Things were a little different then. The Warriors had tasted the playoffs just one time in 18 long years. Their last championship was nearly four decades stale. Myers was in his first season as GM, years away from NBA Executive of the Year honors or a championship parade. LeBron James lived and played in Miami. Nobody had imagined a season with 73 wins or 402 Stephen Curry three-pointers. Dubs fans were thrilled with the fact the Warriors started 8-6 (!) six short months after they booed new majority owner Joe Lacob off the court.
In the face of Golden State’s ensuing historic greatness, and more wins than any team has collected in a three-year span, that moment provides an all-too-fleeting perspective on how far the Warriors have come and how much had to happen to get here.
It’s understandable to see that perspective eroded. There are only so many times you can say “Nobody has ever done that” – 24 consecutive wins to start a season, 54 consecutive regular season home victories, 15 straight playoff wins, a +16 playoff point differential, 13 3s in a single game for Curry, 37 points in a single quarter for Klay Thompson – before expectation seeps in. When the Ws won their second NBA title in three years this week, pundits complained that Warrior dominance was predictable. A San Jose Mercury headline read, “Warriors deliver the title that was expected, demanded and promised.”

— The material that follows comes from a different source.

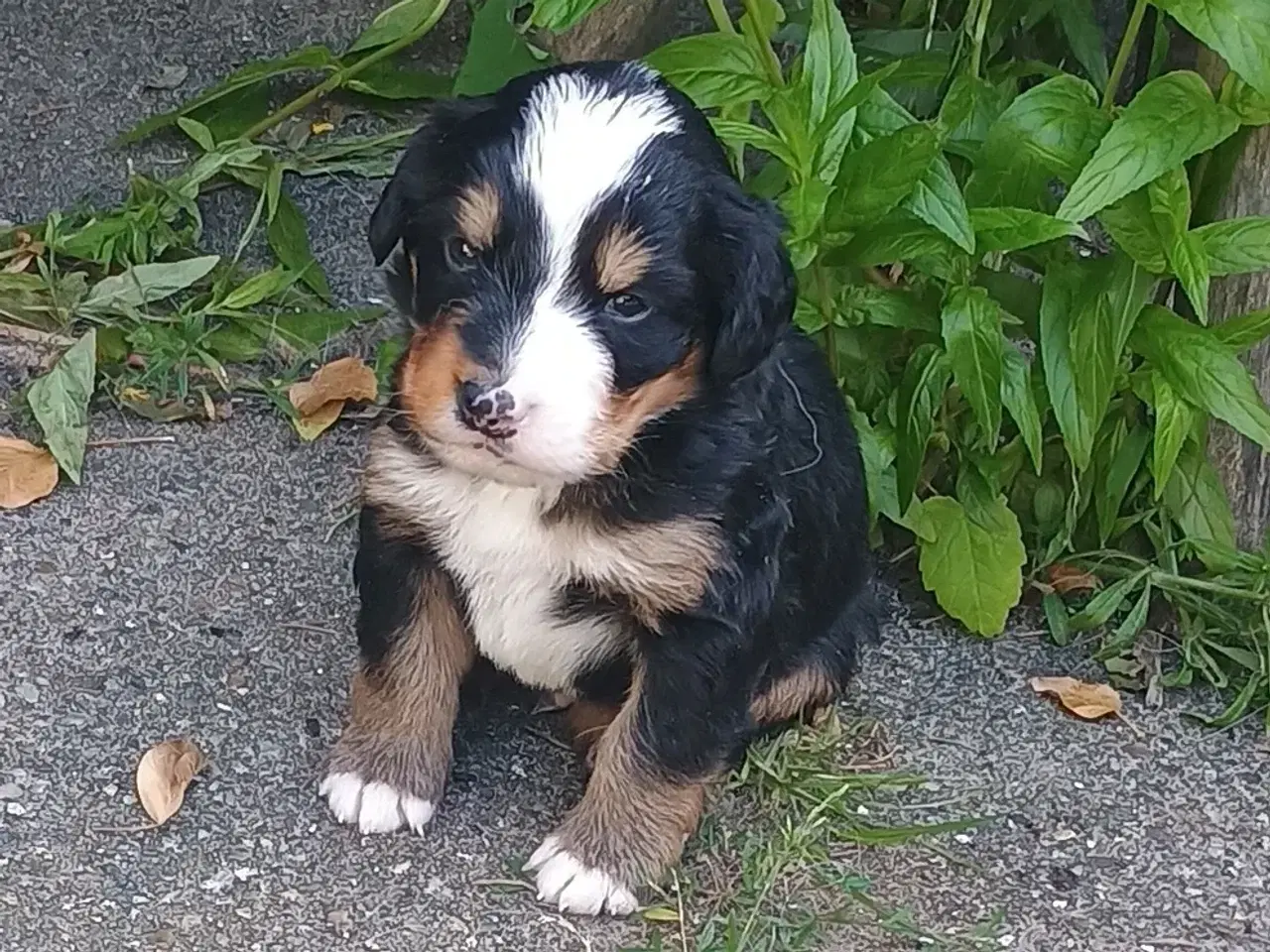 Billede 12 - "Mini Berner Sennen"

But the Warriors themselves are not taking anything for granted, and that’s both their most underrated and most powerful quality. Before Game 5, Head Coach Steve Kerr – who Myers credits for creating “a culture of joy” – implored his team to “play with force” but, just as importantly, to enjoy the moment. Curry appeared on SportsCenter and said, “You have fun. You try to enjoy the stage you’re on. Because it’s not guaranteed.”

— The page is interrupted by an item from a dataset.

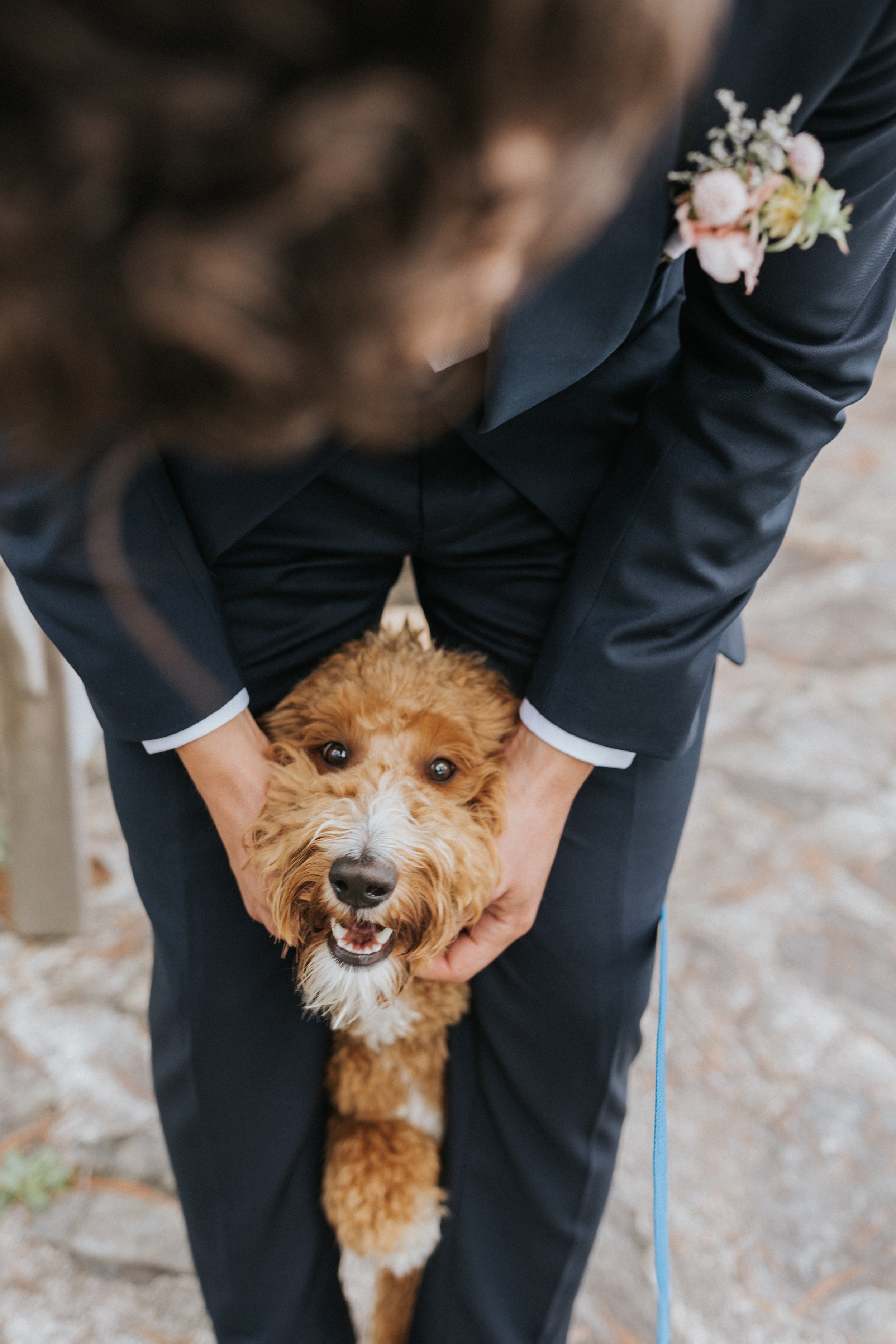 garrison-anne-wedding-evetnts-midcoast-maine-Emily_Stephen_Linekin_Wedding_First_Look_Portraits-051.jpg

While much has changed since 2012, some fundamentals have not. The culture is cooperative, not hierarchical. Lacob is at ease mingling with ticket takers and playing pickup games with Warrior employees. Curry means it when he says, “I’m not bigger than anyone on this team.” Unselfishness is how first halfs like the one the Ws put up to start the 2017 Finals rout – 20 assists, 1 turnover – can happen.
Like Myers told NBC Sports before the series, “We all do our best when we feel part of something bigger, if you don’t care who gets the credit.”
That echoes one of the first things series MVP Kevin Durant said after the Game 5 victory: “It’s a team sport.”
Which is precisely why Durant, who supplied five straight 30-point games and arguably the most efficient finals performance the league has seen, chose the Warriors: Other champions may have been as good as the Warriors, but they never had such a good time.